If your brain has too much of one neurochemical, you'll lose touch with reality; not enough of a different substance,
you're likely to suffer insomnia.
Biological or physiological psychologists study the relationship between biology and behavior. The biological
perspective examines how heredity and physiological structures affect mental processes and overt actions,
considering how chemical processes and physical mechanisms affect emotions, thoughts, desires, and sensory
experience. Related terms include biopsychology, psychophysiology, and neuroscience.
Everything Psychological is Simultaneously biological!
Neurotransmitters
Serotonin - sleep, depression
(Prozac is a selective seroton reuptake inhibitor)
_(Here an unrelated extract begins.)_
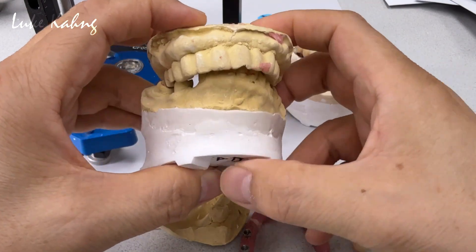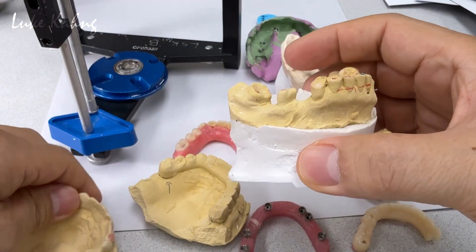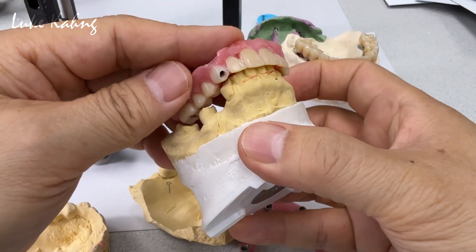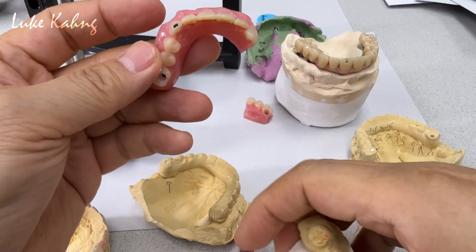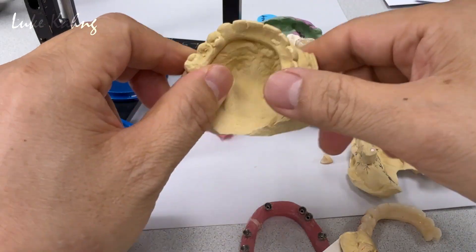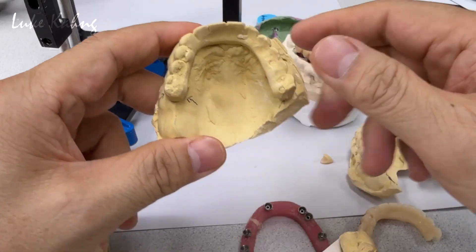To get the proper appearance for the anteriors — not all this contour — we fabricated a wax-up, bringing the teeth in a little bit more. Then they tried it in the patient's mouth and made a model, but they were still not happy with it.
Acetylcholine - neuromuscular junctions, implicated in Alzheimer’s
Endorphins - beta-endorphin - “natural opiate” - effects similar to morphine
GABA - inhibitory
Dopamine - Parkinson’s disease & Schizophrenia
Epinephrine/norepinephrine - Arousal, wakefullness, depression (catecholamine theory of depression - MAO
inhibitors increase levels)
Agonist drug effects
A drug that mimics or increases the effects of a neurotransmitter
Antagonistic drug effects
A drug that blocks the effects
of a neurotransmitter
Excitatory neurotransmitters excite cells to make actions happen. Inhibitory neurotransmitters reduce different
kinds of activity to keep them under control.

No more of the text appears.